Dogs of this breed have two noses.

Both types of animals present with relative frequency, individuals with forked snout. And while this type of nasal pattern is considered normal and desirable in these dogs, a new scientific finding has shown that it can bring associated behavioral problems, compromising animal welfare.

What Causes Double Nose in Dogs

The double nose in dogs is a malformation that has been equated to a cleft lip in humans. Cleft lip occurs when during embryonic development the tissue that forms the lip and the tissue that forms the palate do not join together correctly. This process occurs during the third week of gestation and gives rise to a series of anomalies in the skull and face. For example, palate malformations areas of the unfused lip and widely spaced eyes (hypertelorism).

Surgery in humans, fashion in dogs

Nowadays, when a person is born with a cleft lip, a aesthetic and functional operation before the first year of life.

However, in dogs, the forked nose was consolidated as a fashion in the 20th century. This was due to the false belief that these dogs with two noses could smell more.

Two nostrils that would act as the eyes of a chameleon, completely independently. With all this, the split nose became a tradition for the ancient Iberian pointing dogs.
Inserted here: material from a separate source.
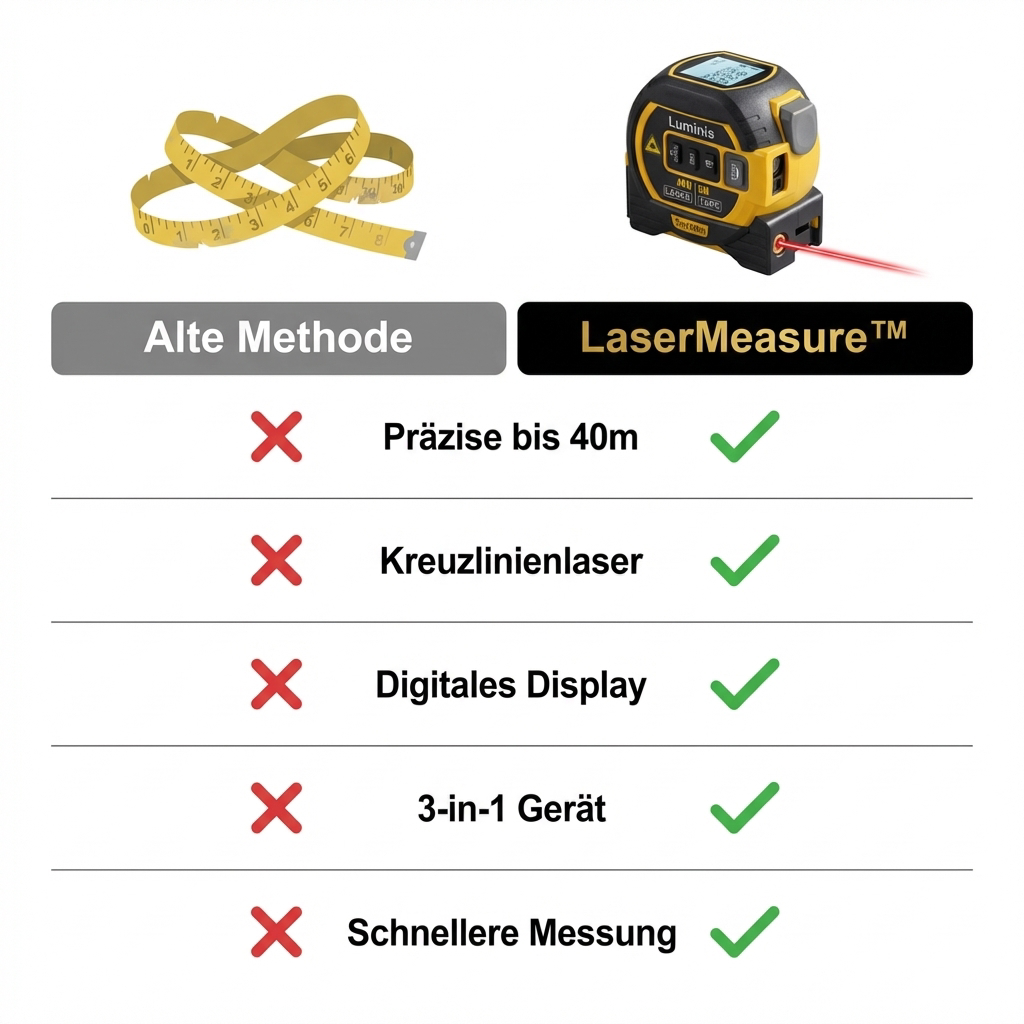 LaserMeasure™ – 3-in-1 Laser-Maßband mit Kreuzlinienlaser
Double nose and other malformations in dogs

  • Absence of the vomeronasal organ: a dog of the Pachón Navarro breed called donehas turned out to be the first and only case, at least for the moment, of a dog that was born without a vomeronasal organ.
  • the vomeronasal organ, also known as Jacobson’s organis a common organ in some vertebrate animals such as giraffes, dogs and cats, whose function is to detect the pheromones of other individuals.
  • Absence of vomer bone: The vomeronasal organ is housed in a bone called the vomer that is located between the nose and the mouth. It turns out that Hacho not only lacks a vomeronasal organ, but also no vomer bone.
  • Absence of septum pellucidum: the septum pellucidum is a thin septum located in the central part of the brain. The absence of the septum pellucidum is related to alterations in the development of the nervous system that affect sleep and cognitive disorders.
  • Hypertelorism: The eyes of dogs with double noses are further apart than normal, which can cause certain vision problems.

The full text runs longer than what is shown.